Many years ago when Aero Gear began our lean journey, we began a TPM (total preventative maintenance) program. It was an exciting time in the business as we transformed the company to flow the product and established the TPM program to ensure we kept the equipment running in order to support the flow. It was the beginning of establishing a partnership between the maintenance department and the operators running the equipment. The operators began performing daily/weekly checks and kept the maintenance staff informed of any issues with the equipment. The maintenance staff would perform the more in-depth maintenance typically every 6 months as well as any other problems/breakdowns.

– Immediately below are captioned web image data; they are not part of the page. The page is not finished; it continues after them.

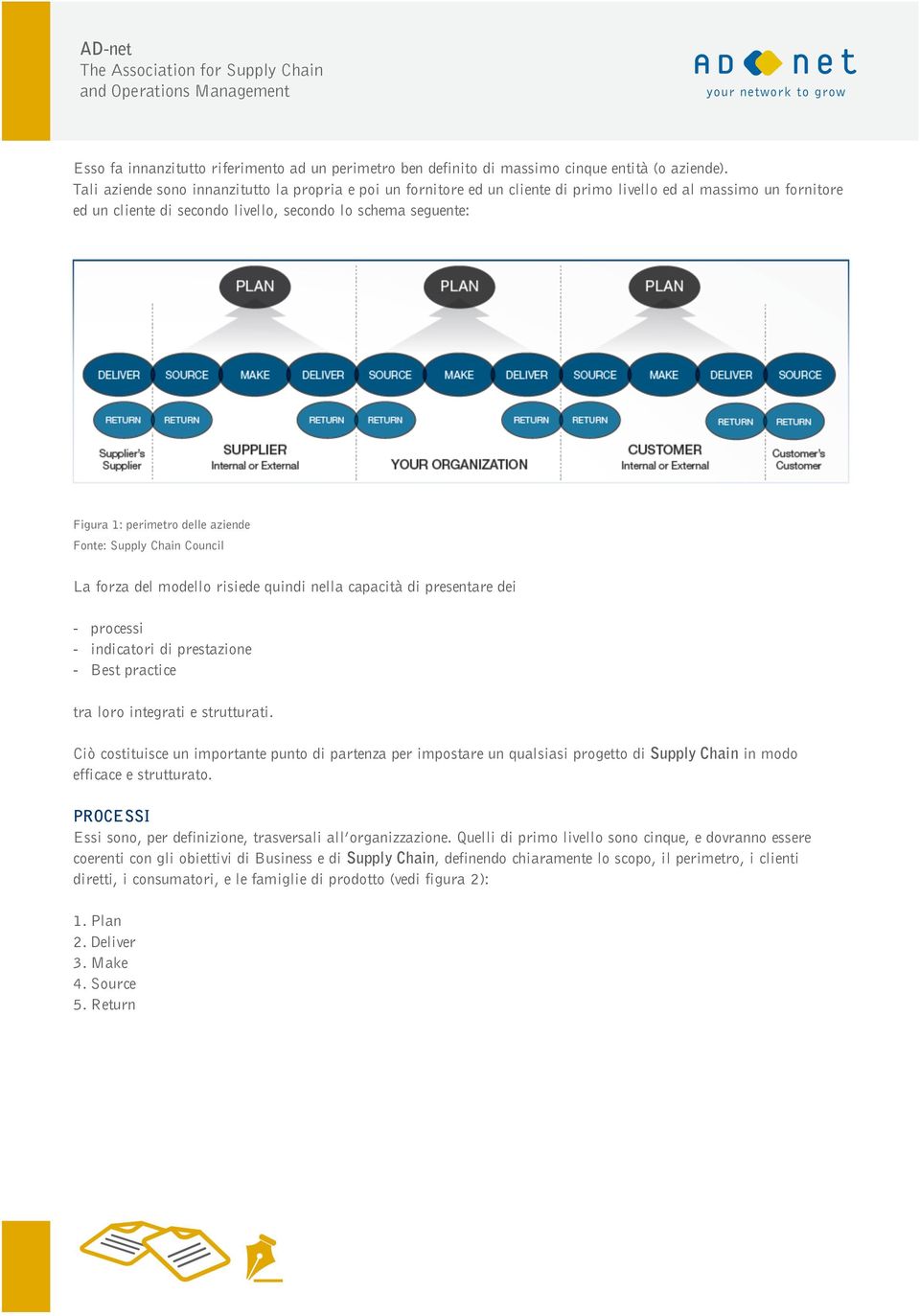 perimetro delle aziende Fonte: Supply Chain Council La forza del modello risiede quindi nella capacità di presentare dei - processi - indicatori di prestazione - Best practice tra loro integrati e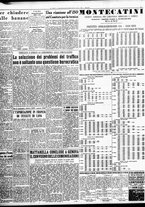 giornale/TO00195533/1953/Ottobre/69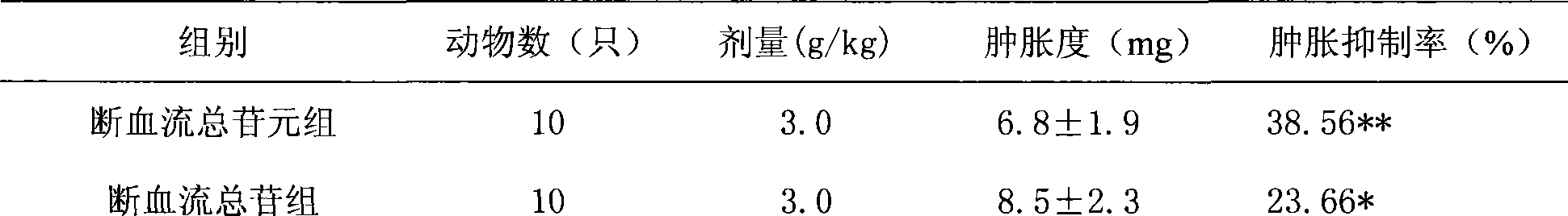 Clinopodium polycephalum total aglycone oral pharmaceutical preparation as well as preparation method and application thereof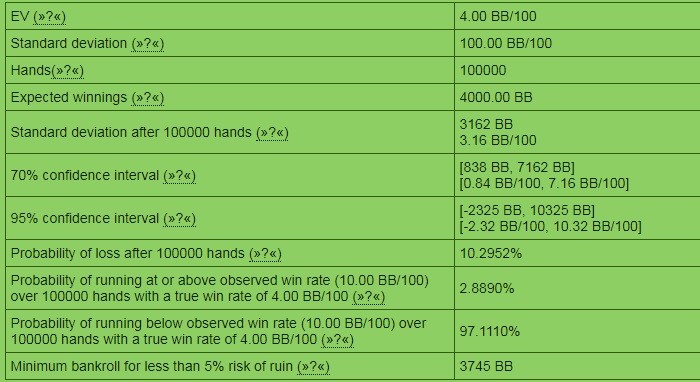 Таблица с расчетами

This system has worked well for us for many years. As part of our Continuous Improvement efforts a couple of months ago we had a Kaizen in our maintenance department. The Kaizen started out as a 6S Kaizen, but soon led to discussions like “what is our vision for the maintenance department?” as well as “how do we do a better job predicting/preventing breakdowns?”.
These discussions prompted us to locate an industry expert to help us establish a plan to take our maintenance efforts to the next level. This past month the industry expert (John Kravonthka) came to our company to facilitate a 3 day training Kaizen called “Maintenance Excellence Training” with tremendous success.
The training session involved the maintenance department as well as selected members of the operations team. It was a combination of classroom and “hands-on” with the equipment on the floor and resulted in:
1.) Developing a maintenance vision
2.) Identifying and having a plan for critical equipment
3.) Established a Goal: Zero equipment stoppages – how does equipment fail?
4.) Developed lubrication excellence
5.) Metrics: Measure against World Class Maintenance
6.) Developed a go-forward plan/strategy
This event turned out to be much more than a training session. It was a highly effective Kaizen that will lead to better productivity, profitability and pride in the workplace. It became apparent to our team that maintenance should not be viewed as a “necessary evil” but rather as an opportunity to be more successful. The other lesson learned was that Continuous Improvement means pushing the organization to be better and not settling for status quo. There are always ways to improve and perform better, reflecting our corporate ethos of insisting on excellence, throughout the Aero gear business.